I still like the spider trap (beats having a list of 100+ bots in my .htaccess - some of which must have gone belly up by now) and may play around with the IPs of good bots as well (to what end I don't know yet :))

Many thanks all.

jatar_k

5:06 am on Jul 23, 2005 (gmt 0)

only problem is that referer isn't that reliable, you'll end up banning users.

fish_eye

8:02 am on Jul 23, 2005 (gmt 0)

only problem is that referer isn't that reliable

Surely a local request from one of my own pages is going to be reliable? Do you mean it gets truncated or something? I have seen some odd ones occasionally but not very often.

If you mean it's unreliable if it's from outside then I specifically don't want to store a row for a request from anywhere other than my own pages so all's well.

fish_eye

10:32 am on Jul 23, 2005 (gmt 0)

I just discovered the php spider trap I have been referring to has been updated. The original works in most cases but here is the updated version for those with sites having greater volumes of traffic. (There's also a more extensive background explanation including the need to place a link (hidden or otherwise) to the trap :))

[webmasterworld.com...]

jatar_k, just to clarify, I'm not planning to use referer to ban people - simple to avoid saving spurious (non-)search queries hitting my php search program. The threads got a bit confused because I started to think along the lines of a technique similar to the spider trap (and have now very happily abandoned that approach).

jatar_k

4:29 pm on Jul 23, 2005 (gmt 0)

>> I'm not planning to use referer to ban people

yeah sorry, I used the wrong word there. You will miss lines for people

referer is given to your server by the client, it is reliable about 75% of the time. There are programs that block the referer from being passed and it can easily be faked.

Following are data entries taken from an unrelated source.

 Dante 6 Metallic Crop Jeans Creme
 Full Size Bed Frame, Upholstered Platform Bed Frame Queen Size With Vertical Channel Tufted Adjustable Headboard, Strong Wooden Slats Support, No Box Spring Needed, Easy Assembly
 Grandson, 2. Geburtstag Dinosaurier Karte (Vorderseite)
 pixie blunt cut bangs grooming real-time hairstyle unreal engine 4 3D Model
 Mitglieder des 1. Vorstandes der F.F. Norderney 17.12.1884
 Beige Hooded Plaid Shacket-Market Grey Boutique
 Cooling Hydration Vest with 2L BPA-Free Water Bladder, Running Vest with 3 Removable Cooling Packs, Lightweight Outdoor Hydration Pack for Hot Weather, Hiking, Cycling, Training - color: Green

This doesn't mean not to use it but you have to understand that the accuracy is questionable.

fish_eye

7:28 am on Jul 24, 2005 (gmt 0)

it [referer] is reliable about 75% of the time

Really - only that much!?

jatar_k

3:44 pm on Jul 24, 2005 (gmt 0)

it's kind of a rough number but it is about right. Some people get less and some get more.

vincevincevince

4:59 pm on Jul 24, 2005 (gmt 0)

I personally get much more reliability from the referer. Nearer 99%, once spiders are ommitted.

fish_eye

1:06 am on Jul 25, 2005 (gmt 0)

I know it's often blank or "-" but I have always assumed, and some quick analysis seems to confirm, that simply means it's a human coming in from outside (granted it's without a referer, when in fact there may really be one) or it's a bot.

In fact, 40.77% of last month's traffic to the site that I'm currently playing with (without the new improved spider trap :)) was "-" and they mostly seem to be bots.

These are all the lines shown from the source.